Over at YourTotalSite, I wrote about how nice it is to see big and bold designs. Since there was more thought put into this site than you might guess at first glance, I wanted to take some time and provide some insight into the thought process that led to this “design”.
I prefer to keep things simple with almost everything, and if I was going to make a personal site, that had to be the driver behind every decision. Everybody talks about two columns this, three columns that, etc. I don’t think it’s possible to get much simpler than one column, so that’s where it started.

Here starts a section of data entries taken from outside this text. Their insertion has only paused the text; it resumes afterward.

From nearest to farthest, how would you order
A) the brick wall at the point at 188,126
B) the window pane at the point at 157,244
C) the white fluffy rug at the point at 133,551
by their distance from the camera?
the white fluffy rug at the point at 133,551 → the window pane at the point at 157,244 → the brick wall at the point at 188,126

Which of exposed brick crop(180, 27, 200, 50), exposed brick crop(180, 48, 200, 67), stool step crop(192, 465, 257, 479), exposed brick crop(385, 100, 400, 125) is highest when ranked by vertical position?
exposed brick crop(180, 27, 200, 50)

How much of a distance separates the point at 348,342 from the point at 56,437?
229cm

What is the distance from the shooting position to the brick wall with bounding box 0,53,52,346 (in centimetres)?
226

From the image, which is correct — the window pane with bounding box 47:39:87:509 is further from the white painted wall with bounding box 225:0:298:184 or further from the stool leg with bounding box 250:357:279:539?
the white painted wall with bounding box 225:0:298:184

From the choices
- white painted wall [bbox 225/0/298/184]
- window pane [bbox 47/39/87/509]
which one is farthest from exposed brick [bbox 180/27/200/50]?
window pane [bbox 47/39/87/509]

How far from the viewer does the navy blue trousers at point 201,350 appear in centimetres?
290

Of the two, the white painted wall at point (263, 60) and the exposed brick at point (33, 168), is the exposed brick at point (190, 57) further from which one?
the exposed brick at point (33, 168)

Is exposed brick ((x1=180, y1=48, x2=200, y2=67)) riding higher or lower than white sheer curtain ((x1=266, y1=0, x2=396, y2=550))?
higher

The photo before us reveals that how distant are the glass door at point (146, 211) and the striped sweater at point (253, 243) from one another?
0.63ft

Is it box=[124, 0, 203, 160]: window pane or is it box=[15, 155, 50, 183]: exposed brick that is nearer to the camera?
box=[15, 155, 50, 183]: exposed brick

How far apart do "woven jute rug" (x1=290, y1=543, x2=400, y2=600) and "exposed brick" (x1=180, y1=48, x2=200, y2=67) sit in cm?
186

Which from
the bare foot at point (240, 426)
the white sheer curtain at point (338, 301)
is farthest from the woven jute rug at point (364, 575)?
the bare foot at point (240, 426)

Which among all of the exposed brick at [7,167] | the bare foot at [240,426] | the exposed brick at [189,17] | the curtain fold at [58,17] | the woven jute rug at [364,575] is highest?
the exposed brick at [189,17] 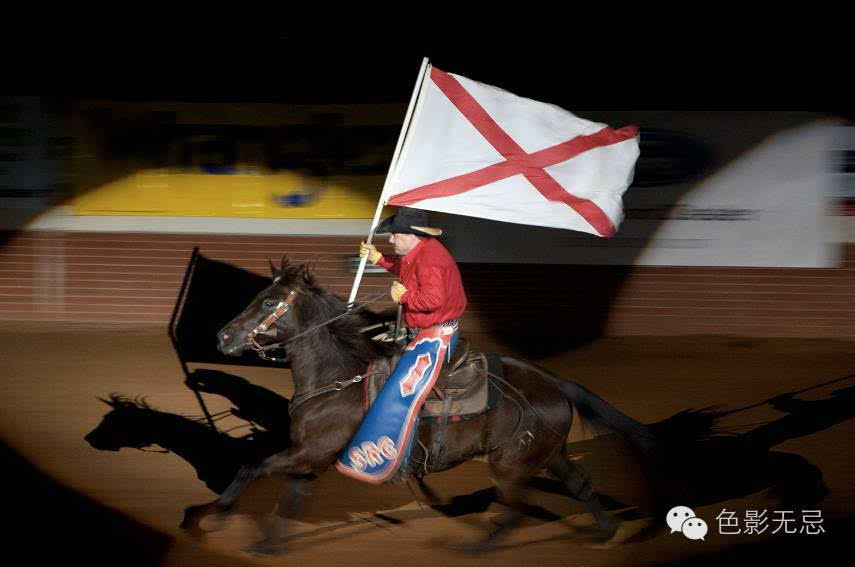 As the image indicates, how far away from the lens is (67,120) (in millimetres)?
12305

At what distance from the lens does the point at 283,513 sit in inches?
210

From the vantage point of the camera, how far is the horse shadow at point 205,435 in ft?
23.0

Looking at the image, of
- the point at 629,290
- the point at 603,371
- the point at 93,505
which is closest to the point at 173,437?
the point at 93,505

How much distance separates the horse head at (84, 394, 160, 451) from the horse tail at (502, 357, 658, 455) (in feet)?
11.8

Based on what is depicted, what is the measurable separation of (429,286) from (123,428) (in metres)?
4.07

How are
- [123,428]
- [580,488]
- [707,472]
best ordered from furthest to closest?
[123,428]
[707,472]
[580,488]

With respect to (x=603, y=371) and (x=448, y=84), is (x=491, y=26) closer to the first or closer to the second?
(x=603, y=371)

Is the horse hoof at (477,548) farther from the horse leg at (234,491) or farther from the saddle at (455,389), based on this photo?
the horse leg at (234,491)

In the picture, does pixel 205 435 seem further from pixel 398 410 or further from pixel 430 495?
pixel 398 410

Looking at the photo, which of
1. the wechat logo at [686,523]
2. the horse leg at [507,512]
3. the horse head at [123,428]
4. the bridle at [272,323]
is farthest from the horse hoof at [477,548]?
the horse head at [123,428]

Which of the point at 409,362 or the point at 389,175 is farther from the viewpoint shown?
the point at 389,175

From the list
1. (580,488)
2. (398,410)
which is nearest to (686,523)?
(580,488)

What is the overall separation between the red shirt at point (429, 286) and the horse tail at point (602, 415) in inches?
28.9

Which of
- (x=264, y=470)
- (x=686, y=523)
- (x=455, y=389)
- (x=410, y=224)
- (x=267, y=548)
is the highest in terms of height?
(x=410, y=224) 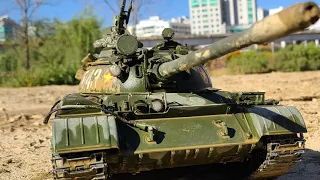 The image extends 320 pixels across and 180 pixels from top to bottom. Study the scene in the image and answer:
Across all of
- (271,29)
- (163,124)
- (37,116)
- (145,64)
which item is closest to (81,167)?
(163,124)

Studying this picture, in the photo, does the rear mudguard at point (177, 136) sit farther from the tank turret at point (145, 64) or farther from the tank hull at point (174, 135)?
the tank turret at point (145, 64)

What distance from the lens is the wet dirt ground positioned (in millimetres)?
8289

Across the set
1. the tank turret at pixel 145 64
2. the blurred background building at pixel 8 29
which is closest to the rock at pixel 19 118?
the tank turret at pixel 145 64

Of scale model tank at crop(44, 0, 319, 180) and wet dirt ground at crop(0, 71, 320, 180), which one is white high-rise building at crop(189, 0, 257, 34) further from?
scale model tank at crop(44, 0, 319, 180)

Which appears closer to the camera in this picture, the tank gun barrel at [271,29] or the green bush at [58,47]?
the tank gun barrel at [271,29]

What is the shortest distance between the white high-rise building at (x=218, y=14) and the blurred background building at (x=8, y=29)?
9439 centimetres

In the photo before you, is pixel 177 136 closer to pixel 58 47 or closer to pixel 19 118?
pixel 19 118

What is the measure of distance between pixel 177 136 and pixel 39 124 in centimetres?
950

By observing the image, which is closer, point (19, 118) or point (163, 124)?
point (163, 124)

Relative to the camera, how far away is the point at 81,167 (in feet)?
17.7

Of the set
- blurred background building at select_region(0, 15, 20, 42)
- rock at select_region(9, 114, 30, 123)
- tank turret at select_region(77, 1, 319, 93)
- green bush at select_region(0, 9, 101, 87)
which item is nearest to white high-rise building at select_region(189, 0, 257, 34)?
green bush at select_region(0, 9, 101, 87)

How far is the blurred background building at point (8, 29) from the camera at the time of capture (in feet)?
103

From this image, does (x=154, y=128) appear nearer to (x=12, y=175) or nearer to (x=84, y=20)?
(x=12, y=175)

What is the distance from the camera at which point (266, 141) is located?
6301 millimetres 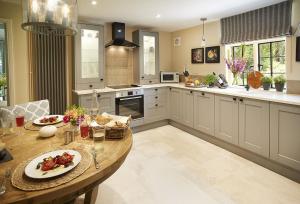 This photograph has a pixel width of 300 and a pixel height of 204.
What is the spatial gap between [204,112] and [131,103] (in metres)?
1.39

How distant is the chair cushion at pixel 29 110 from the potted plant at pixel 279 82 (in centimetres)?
323

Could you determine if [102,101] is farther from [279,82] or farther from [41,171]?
[279,82]

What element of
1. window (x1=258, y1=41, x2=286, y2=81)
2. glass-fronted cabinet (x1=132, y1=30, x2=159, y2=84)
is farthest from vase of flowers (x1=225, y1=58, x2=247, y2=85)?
glass-fronted cabinet (x1=132, y1=30, x2=159, y2=84)

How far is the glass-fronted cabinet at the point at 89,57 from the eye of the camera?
12.2 feet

Nothing screams usability and simplicity louder than large clickable targets. Fitt’s Law says so. Well, it kind of says something like that. The headlines. The buttons. Commenter’s names. It’s all big. That’s two major decisions.

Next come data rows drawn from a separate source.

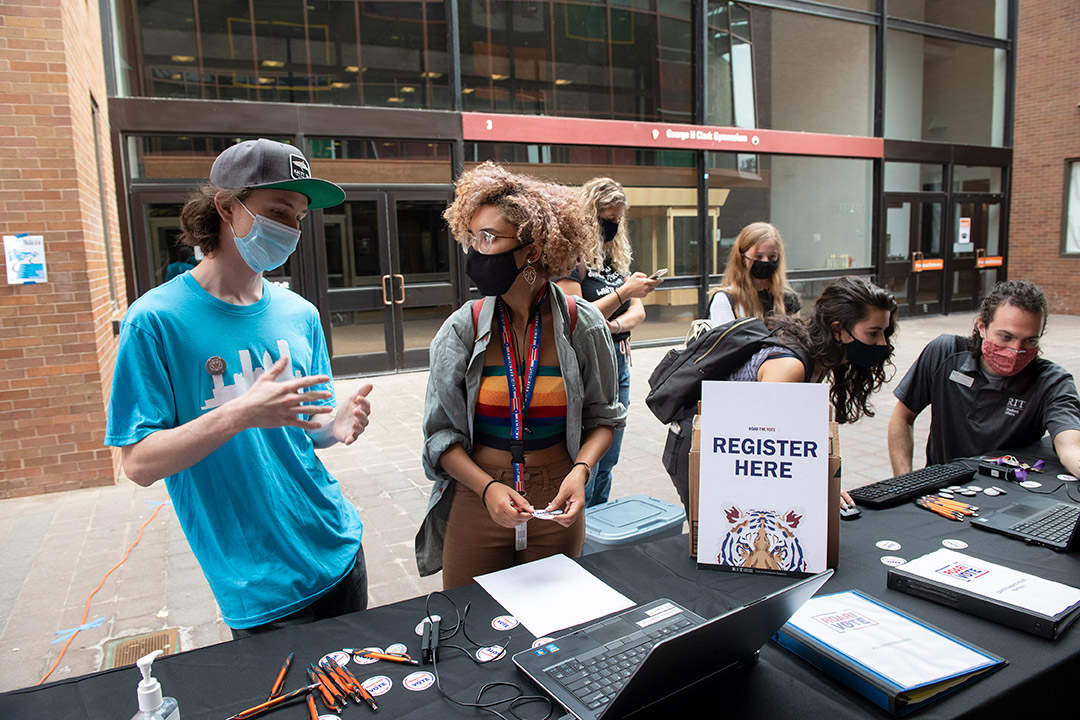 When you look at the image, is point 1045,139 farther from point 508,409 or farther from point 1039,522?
point 508,409

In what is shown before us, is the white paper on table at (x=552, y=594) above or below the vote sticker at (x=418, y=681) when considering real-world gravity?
above

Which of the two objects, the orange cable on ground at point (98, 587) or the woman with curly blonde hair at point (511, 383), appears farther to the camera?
the orange cable on ground at point (98, 587)

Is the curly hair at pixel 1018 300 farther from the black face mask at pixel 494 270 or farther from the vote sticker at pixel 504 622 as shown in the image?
the vote sticker at pixel 504 622

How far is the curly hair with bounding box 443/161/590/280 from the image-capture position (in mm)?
1935

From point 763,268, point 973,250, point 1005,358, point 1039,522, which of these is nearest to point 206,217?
point 1039,522

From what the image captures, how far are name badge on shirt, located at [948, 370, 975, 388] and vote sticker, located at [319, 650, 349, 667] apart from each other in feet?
9.67

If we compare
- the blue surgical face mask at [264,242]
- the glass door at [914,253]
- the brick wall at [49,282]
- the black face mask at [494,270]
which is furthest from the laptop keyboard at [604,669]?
the glass door at [914,253]

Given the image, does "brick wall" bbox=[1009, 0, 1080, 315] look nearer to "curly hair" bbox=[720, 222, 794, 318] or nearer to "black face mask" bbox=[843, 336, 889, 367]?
"curly hair" bbox=[720, 222, 794, 318]

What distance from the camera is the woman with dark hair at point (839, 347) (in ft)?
8.11

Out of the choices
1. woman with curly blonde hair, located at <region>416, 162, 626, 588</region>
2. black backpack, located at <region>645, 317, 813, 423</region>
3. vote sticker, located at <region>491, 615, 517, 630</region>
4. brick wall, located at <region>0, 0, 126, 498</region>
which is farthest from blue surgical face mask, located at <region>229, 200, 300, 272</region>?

With regards to the commenters, I feel they are just as important, if not more important than the site itself. So their names are large and in charge. Conveniently enough, since everybody is providing great and interesting commentary that would make you want to visit their site, you can easily click on their large blue name and continue the exploration. One more obvious decision was taken care of with that.
Content ~First~ Only
This site really exists as an evenue for discussion of the ideas that float around in my head. Reading and commenting is almost all there is to do. And the reasoning there is to put the spotlight on everyone’s ideas. There’s an about page, but it was more of a supplemental afterthought. I figured people would at least want a little bit of knowledge who was running the site to make it more real. This wasn’t really a decision, it was more like a guiding principle.

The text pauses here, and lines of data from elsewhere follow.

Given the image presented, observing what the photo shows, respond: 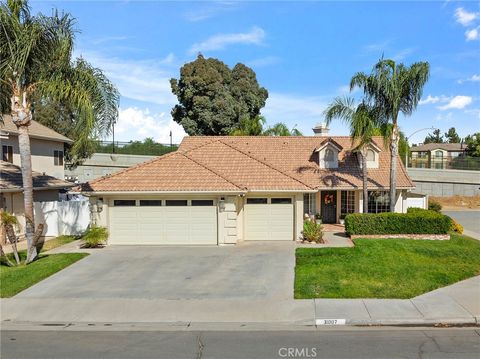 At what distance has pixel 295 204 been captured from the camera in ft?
66.2

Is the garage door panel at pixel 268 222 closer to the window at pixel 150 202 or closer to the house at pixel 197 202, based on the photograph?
the house at pixel 197 202

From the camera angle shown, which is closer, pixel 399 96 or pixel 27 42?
pixel 27 42

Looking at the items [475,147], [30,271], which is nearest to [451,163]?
[475,147]

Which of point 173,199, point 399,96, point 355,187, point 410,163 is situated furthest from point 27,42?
point 410,163

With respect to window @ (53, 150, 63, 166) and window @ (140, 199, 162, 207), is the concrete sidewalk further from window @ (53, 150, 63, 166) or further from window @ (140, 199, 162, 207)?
window @ (53, 150, 63, 166)

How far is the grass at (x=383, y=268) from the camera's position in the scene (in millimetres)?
12602

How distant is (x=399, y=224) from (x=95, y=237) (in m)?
13.4

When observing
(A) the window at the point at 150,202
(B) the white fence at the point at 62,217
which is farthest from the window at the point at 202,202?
(B) the white fence at the point at 62,217

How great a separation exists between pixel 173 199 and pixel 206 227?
6.32 ft

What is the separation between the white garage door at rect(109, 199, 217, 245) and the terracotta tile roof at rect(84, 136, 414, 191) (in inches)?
35.9

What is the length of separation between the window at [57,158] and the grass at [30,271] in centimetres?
1468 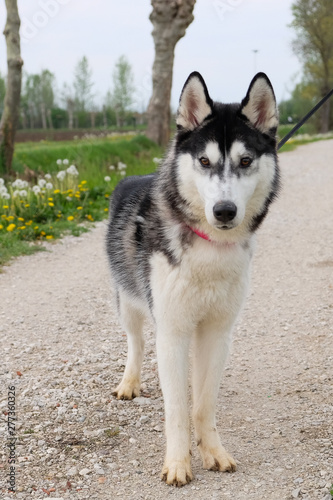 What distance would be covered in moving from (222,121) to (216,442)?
1757mm

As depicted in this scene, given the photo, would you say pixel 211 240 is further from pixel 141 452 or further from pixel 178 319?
pixel 141 452

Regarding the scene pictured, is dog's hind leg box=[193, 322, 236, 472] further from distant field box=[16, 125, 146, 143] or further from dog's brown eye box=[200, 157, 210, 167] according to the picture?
distant field box=[16, 125, 146, 143]

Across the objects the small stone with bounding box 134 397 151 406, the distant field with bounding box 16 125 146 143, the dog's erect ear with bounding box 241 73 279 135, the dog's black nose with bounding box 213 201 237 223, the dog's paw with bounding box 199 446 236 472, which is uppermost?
the dog's erect ear with bounding box 241 73 279 135

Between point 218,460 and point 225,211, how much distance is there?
1.40m

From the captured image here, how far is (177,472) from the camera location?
2.93 m

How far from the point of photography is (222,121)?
2.86 m

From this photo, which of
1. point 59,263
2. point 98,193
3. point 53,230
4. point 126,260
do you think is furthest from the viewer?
point 98,193

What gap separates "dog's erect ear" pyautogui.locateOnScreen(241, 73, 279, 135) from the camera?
2.92 meters

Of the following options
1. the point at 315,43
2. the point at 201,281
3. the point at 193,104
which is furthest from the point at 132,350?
the point at 315,43

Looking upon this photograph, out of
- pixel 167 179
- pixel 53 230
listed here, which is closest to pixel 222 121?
pixel 167 179

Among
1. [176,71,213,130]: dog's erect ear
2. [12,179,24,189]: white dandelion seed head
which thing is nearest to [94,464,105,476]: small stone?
[176,71,213,130]: dog's erect ear

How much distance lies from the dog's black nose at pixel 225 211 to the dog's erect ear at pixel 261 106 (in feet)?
1.97

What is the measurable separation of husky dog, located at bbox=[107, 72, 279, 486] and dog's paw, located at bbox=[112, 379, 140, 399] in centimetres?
80

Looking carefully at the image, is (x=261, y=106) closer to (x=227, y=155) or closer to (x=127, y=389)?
(x=227, y=155)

I’m sure it seems a little odd to think of a blog as having a flow, but I felt that there was. I wanted people to show up to the site, read whatever was on the home page without any distractions, and then continue to explore or, preferably, interact.
Instead of navigation at the top of each article, it seemed that the best place to try and engage visitors would be right below the content. That way, when you get to the bottom of the article, you are offered some basic choices.
Comment is first and has the most distinctive button because it is the most important action, and frankly, that’s really what I’m really interested in. The next thought is that if you liked what you read, you might want to read more. Thus the second button is the Archives. Lastly, if you really like it, and you made it all the way here, you might be interested in grabbing my RSS feed. There is the button in traditional RSS/XML orange. This button arrangement was supposed to support my hopes for large scale interaction and interesting conversation.
The whole idea behind the site was to move the visual design out of the way and focus on the content and comments. One column. Very few graphics. Big and simple headlines.
I never in a million years would have guessed that I would have received all the positive feedback that I have. Thanks to everybody for all the encouragement.